During the debates over the nature of the empire in the 1760s and 1770s, the British vainly tried to justify Parliament’s taxation of the colonies. They argued that the American colonists, like Britons everywhere, were subject to acts of Parliament through a system of what they called “virtual” representation. Even though the colonists, like “nine-tenths of the people of Britain, did not in fact choose any representative to the House of Commons,” they said, they were undoubtedly “a part, and an important part of the Commons of Great Britain: they are represented in Parliament in the same manner as those inhabitants of Britain are who have not voices in elections.”
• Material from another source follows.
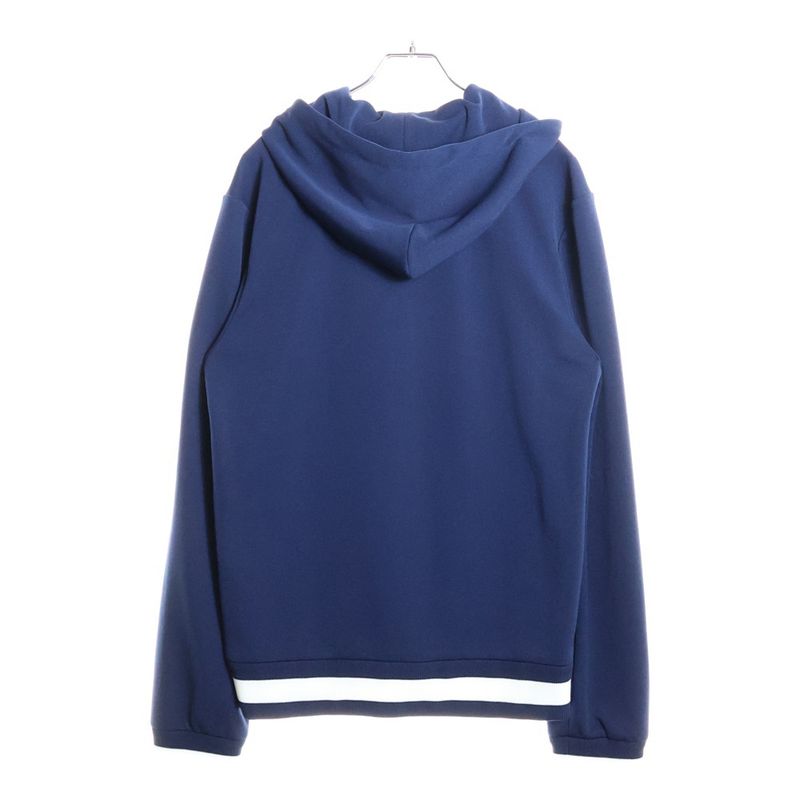 Gucci Technical Jersey Logo Hooded Sweatshirt Navy White 787939 Xjgj5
To most of the mainstream English at home, this argument made a great deal of sense. Centuries of history had left Britain with a confusing mixture of sizes and shapes of its electoral districts. Some of the constituencies were large, with thousands of voters, but others were small and more or less in the pocket of a single great landowner. Many of the electoral districts had few voters, and some so-called rotten boroughs had no inhabitants at all. One town, Dunwich, continued to send representatives to Parliament even though it had long since slipped into the North Sea. At the same time, some of England’s largest cities, such as Manchester and Birmingham, which had grown suddenly in the mid-eighteenth century, sent no representatives to Parliament. The British justified this hodgepodge of representation by claiming that each member of Parliament represented the whole British nation and not just the particular locality he supposedly came from. Parliament, as Edmund Burke said, was not “a congress of ambassadors from different and hostile interests, which interests each must maintain, as an agent and advocate, against other agents and advocates; but Parliament is a deliberative assembly of one nation, with one interest, that of the whole.” Requirements that the members of Parliament (MPs) reside in the constituencies they represented had long since been ignored and of course are still not necessary for MPs today. According to this idea of virtual representation, people were represented in England not by the process of election, which was considered incidental to representation, but rather by the mutual interests that members of Parliament were presumed to share with all Britons for whom they spoke—including those, like the colonists, who did not actually vote for them.

The Americans strongly rejected these British claims that they were “virtually” represented in the same way that the nonvoters of cities like Manchester and Birmingham were. They challenged the idea of virtual representation with what they called “actual” representation. If the people were to be properly represented in a legislature, the colonists declared, not only did the people have to vote directly for the members of the legislature, but they also had to be represented by members whose numbers were proportionate to the size of the population they spoke for. What purpose is served, asked James Otis of Massachusetts in 1765, by the continual attempts of the English to defend the lack of American representation in Parliament by citing the examples of Manchester and Birmingham, which returned no members to the House of Commons? “If those now so considerable places are not represented,” said Otis, “they ought to be.”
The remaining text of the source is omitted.